Friday, March 5, 2010

Fellow Fathers Take Note: I Have Found Something Of Purest Fucking Genius

One of the drawbacks of Growing Up: you forget the purity of play, the sheer anarchy of expression that goes with childhood. To put it bluntly, grownups need rules.

Kids need 'em too, of course. That's why so many kid games end in screaming arguments with hurt feelings all round. But the difference is that BEFORE those arguments, the kids are having the most brilliantly expressive and creative gameplay you could want. Whereas the adults -- well, they usually don't wind up in screaming matches, no. But that's because of The Rules. And those same rules generally prevent all that amazingly fun gameplay.

Thus it is, my fellow parents, I offer you Brikwars. Unbalanced, loony, fucked-up table-top miniatures gaming rules using Lego bricks, or the equivalent. Plus any other bits of toy crap that happen to be lying around.

Seriously. This stuff is pure goddam genius. Dads of all ilk, I urge you right now to go to the website, locate the rules, and prepare for mayhem with your offspring. Even the rules themselves are hilarious -- as I write this, I'm flicking over to the website in question and reading, and I'm giggling like a loon at the concept of 'Stumble Dice'.

Oh man. I have absolutely GOT to get myself a really, really big bag of secondhand Lego stuff.
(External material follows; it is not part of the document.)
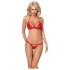 Set Reggiseno in Pizzo, Rosso - Obsessive 838-SET-3 - L/XL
The boys are totally not going to know what hit them...


  1. I'll give it a try, we've been playing with the_weapons lego using Brickquest ( until now but the brikwars rules look like providing more quick fun and madness.

    Though with the_weapon being such a starwars fan we may have to use Brikquest SW when they come out.
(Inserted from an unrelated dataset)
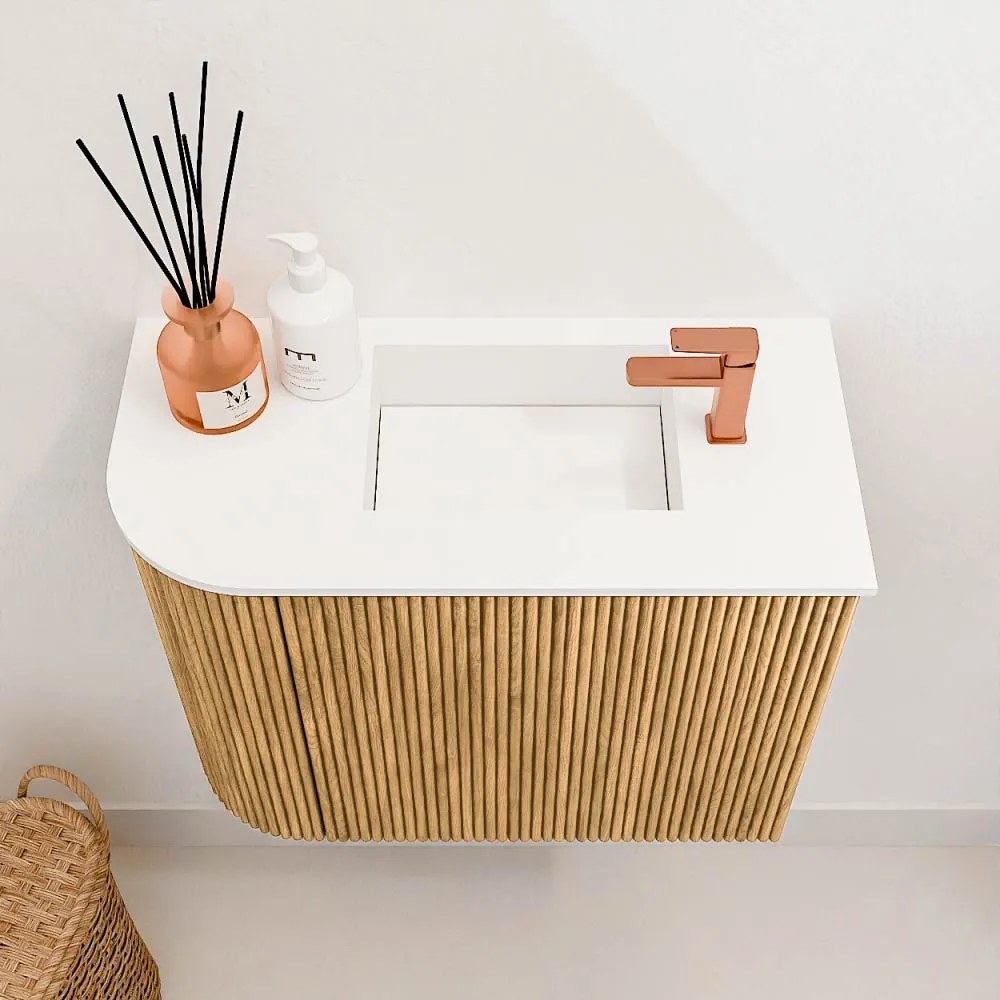 Mondiaz Joya 50cm toiletmeubel ronding links oak met wastafel faye rechts 1 kraangat talc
  2. This comment has been removed by a blog administrator.

  3. Sounds god dam a lego simplified version with destruction of squad leader, reading the rules. I fear however it WILL NOT allow me to buy leggo under the ever watchful gaze of the boss lady

  4. Ebay, dude. You should see my recent purchases list...

  5. Oh, and Mr Barnes -- I spotted Botty-boy when he first posted. But when I tried to remove his post, Blogger crapped out on me. It's been doing that a lot lately. I am unimpressed.

  6. "Don't waste time on stuff nobody cares about. Following the rules and winning are the two lowest priorities on your list. Getting some good laughs during the battle and having a good story to tell afterwards are your primary goals."

    Pure fkn gold - a manifesto for life really! Homer knew this.